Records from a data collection
****************************************

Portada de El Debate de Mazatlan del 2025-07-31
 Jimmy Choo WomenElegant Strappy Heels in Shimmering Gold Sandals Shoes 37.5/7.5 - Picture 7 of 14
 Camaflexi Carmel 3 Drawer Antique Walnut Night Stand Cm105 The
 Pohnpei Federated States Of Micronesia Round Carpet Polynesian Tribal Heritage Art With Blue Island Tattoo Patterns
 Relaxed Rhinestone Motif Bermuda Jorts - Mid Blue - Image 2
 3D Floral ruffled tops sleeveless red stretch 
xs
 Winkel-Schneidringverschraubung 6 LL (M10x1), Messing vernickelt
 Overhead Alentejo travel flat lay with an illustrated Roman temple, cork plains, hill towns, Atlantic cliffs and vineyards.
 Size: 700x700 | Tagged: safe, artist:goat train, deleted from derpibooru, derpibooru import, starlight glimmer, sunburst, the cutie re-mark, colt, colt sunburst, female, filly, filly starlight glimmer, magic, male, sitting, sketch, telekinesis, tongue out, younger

****************************************

▸ What you will do
Beginning at the line that holds "Jimmy Choo WomenElegant", reproduce each line of the records above down to and including the last one.

▸ Output for this exercise
 Jimmy Choo WomenElegant Strappy Heels in Shimmering Gold Sandals Shoes 37.5/7.5 - Picture 7 of 14
 Camaflexi Carmel 3 Drawer Antique Walnut Night Stand Cm105 The
 Pohnpei Federated States Of Micronesia Round Carpet Polynesian Tribal Heritage Art With Blue Island Tattoo Patterns
 Relaxed Rhinestone Motif Bermuda Jorts - Mid Blue - Image 2
 3D Floral ruffled tops sleeveless red stretch 
xs
 Winkel-Schneidringverschraubung 6 LL (M10x1), Messing vernickelt
 Overhead Alentejo travel flat lay with an illustrated Roman temple, cork plains, hill towns, Atlantic cliffs and vineyards.
 Size: 700x700 | Tagged: safe, artist:goat train, deleted from derpibooru, derpibooru import, starlight glimmer, sunburst, the cutie re-mark, colt, colt sunburst, female, filly, filly starlight glimmer, magic, male, sitting, sketch, telekinesis, tongue out, younger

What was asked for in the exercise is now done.